(Data excerpts)
+ + + + + + +

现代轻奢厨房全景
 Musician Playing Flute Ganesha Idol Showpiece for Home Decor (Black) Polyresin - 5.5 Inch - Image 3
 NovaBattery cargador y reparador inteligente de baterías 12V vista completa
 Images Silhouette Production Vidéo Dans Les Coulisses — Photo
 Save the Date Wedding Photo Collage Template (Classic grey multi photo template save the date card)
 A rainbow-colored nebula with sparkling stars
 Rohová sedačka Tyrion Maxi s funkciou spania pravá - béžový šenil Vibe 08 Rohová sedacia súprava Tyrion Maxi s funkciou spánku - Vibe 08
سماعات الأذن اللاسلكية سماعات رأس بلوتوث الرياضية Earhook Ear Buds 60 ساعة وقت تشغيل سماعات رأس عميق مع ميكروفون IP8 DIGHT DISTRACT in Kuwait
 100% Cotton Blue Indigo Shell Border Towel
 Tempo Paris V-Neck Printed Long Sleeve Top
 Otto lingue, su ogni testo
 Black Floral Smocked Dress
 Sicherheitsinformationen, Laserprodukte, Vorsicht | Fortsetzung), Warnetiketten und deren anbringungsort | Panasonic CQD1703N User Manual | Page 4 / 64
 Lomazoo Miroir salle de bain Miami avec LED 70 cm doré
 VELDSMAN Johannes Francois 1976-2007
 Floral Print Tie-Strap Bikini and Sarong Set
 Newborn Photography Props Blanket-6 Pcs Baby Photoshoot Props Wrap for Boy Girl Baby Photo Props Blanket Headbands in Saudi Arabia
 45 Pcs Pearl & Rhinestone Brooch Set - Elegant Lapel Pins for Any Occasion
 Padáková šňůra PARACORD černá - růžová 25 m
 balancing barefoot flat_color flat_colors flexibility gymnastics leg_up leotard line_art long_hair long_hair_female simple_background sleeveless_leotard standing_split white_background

+ + + + + + +

PROBLEM STATEMENT:
Please copy out each line in the entries that mentions the string "Black".

EXERCISE OUTPUT:
 Musician Playing Flute Ganesha Idol Showpiece for Home Decor (Black) Polyresin - 5.5 Inch - Image 3
 Black Floral Smocked Dress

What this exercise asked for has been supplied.